Depois de discussão acalorada em teleconferência, resta saber se minoritários vão se organizar em torno de preço viável

Gol: companhia gera a passagem aérea, que representa 90% dos pontos consumidos pela Smiles (Germano Lüders/Exame)

Gol: companhia gera a passagem aérea, que representa 90% dos pontos consumidos pela Smiles (Germano Lüders/Exame)

GV

Graziella Valenti

Publicado em 11 de março de 2021 às 10h38.

Última atualização em 11 de março de 2021 às 19h15.

Esses próximos dois pregões desta semana vão definir o clima da assembleia de acionistas da Smiles  da próxima segunda-feira, dia 15. A temperatura do encontro promete ser bem mais quente do que a marcada nos termômetros da teleconferência realizada na manhã de quarta-feira, dia 10, pela Gol. A conversa foi convocada para que a empresa aérea defendesse a incorporação da companhia de fidelidade. Quem participou saiu crente que o sangue ferveu, em um acalorado debate entre Felipe Pascowitch, da Mirae Asset Management, e Richard Lark, vice-presidente financeiro e de relações com investidores da Gol.
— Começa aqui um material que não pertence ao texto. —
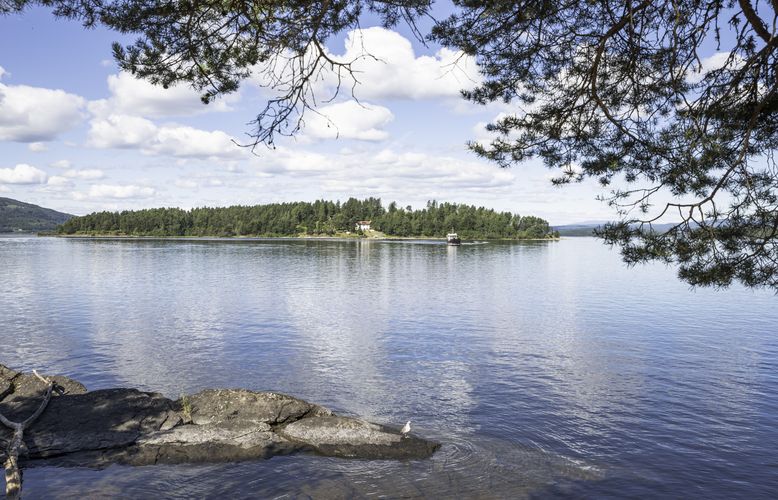  Hier geschah das Attentat von Anders Breivik: Die norwegische Insel Utøya
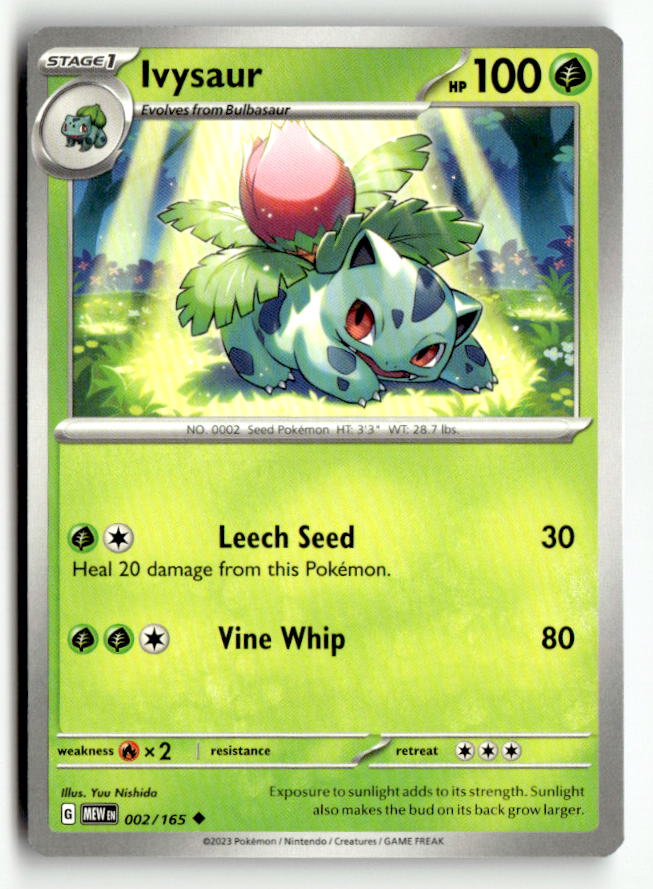 Ivysaur - 002/165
A, assembleia pode ser a oportunidade de negociação que faltou até o momento para os acionistas de mercado da Smiles e a gestão da Gol alcançarem um consenso de preço. Por isso, quente, fervendo. A Gol, para quem conhece a companhia e suas mentes, vai entrar no encontro (que será virtual) ciente de seus limites e tetos — até a casa da vírgula — e atualizados pela piora na pandemia. A dúvida é se os minoritários vão se organizar nesse sentido até lá e como os preços de bolsa podem influenciar tudo isso. Fácil, não será. Mas fontes próximas à operação acreditam que é possível um acordo.
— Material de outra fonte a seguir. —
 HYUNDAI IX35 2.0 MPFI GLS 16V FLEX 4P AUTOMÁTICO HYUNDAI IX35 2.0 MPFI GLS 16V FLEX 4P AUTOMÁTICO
Se o humor de mercado azedar, a proposta da Gol pode ficar mais atrativa, pois há duas possibilidades de pagamento e uma delas é 80% composta por dinheiro, que vira rei na hora do estresse (o restante são ações da empresa aérea). Seria um facilitador da aprovação e um atenuante para discussões. Até agora, a volatilidade dos últimos dias dificulta essa análise. No pregão de ontem, por exemplo, o prêmio implícito na oferta da Gol iniciou o dia em 10% e terminou pouco acima de 4%.

Nesse momento, quem trabalha de perto com a transação acredita que existe chance de a incorporação ser aprovada nos termos atuais, mas que o resultado ainda não está totalmente garantido. Para complicar, as duas empresas de recomendação de voto, ISS e Glass Lewis se dividiram nas conclusões. Enquanto ISS sugere voto contra a proposta, a Glass Lewis recomenda a favor.
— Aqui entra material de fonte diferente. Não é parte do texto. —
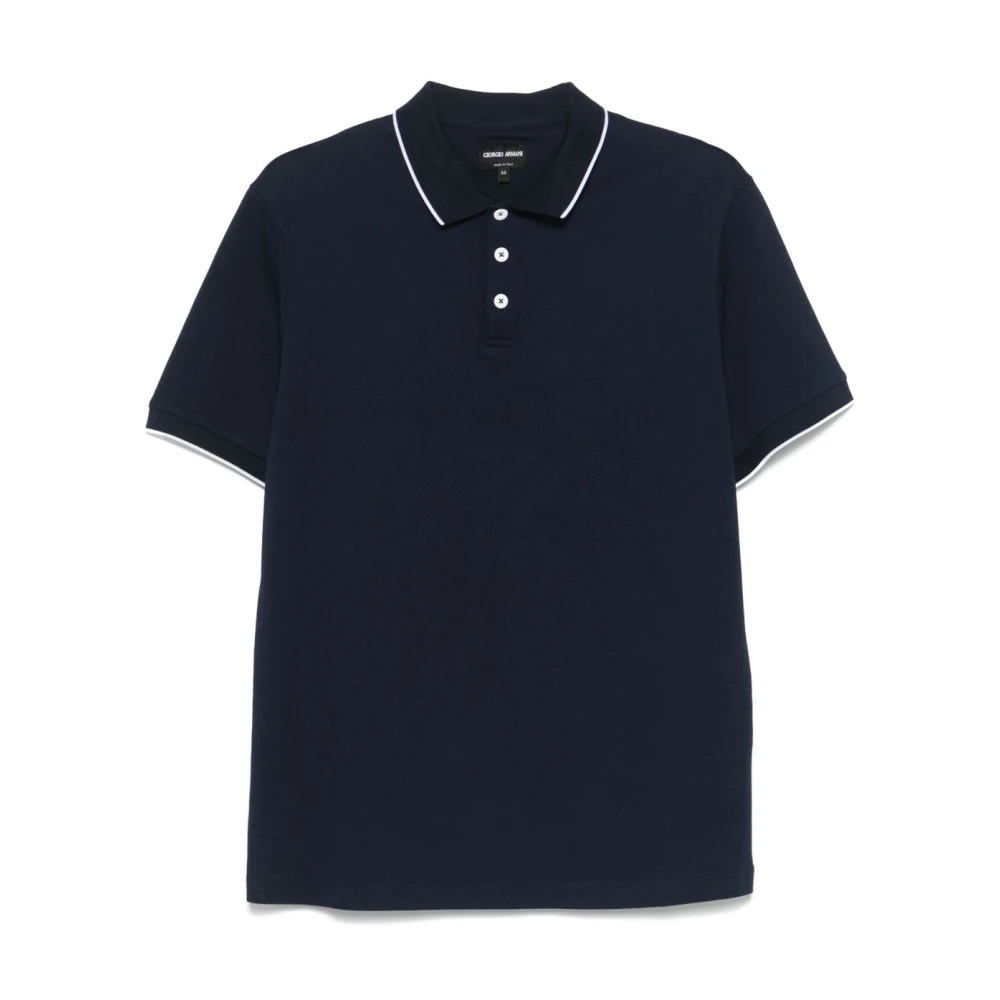 Tops > Polo Shirts - - Giorgio Armani - Modalova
Na Smiles, cerca de 60% das ações de mercado estão com estrangeiros, os mais influenciados pelas agências de recomendação para assembleias.

Está nas mãos dos minoritários da Smiles decidir — sem o voto da Gol, que possui 52,6% do capital da empresa — se aceitam ou não serem incorporados nas condições oferecidas em dezembro do ano passado, antes dessa piora relevante no cenário da pandemia no Brasil. É, praticamente, a quarta tentativa. Nessa proposta, a Smiles foi avaliada em R$ 2,77 bilhões, e a Gol, em R$ 9,625 bilhões.

Ontem, Lark, da Gol, deu um recado claro de que prefere realizar a incorporação  como forma de resolver um problema que entende prejudicar sua estratégia comercial e financeira de forma relevante —  frente às concorrentes e em termos absolutos.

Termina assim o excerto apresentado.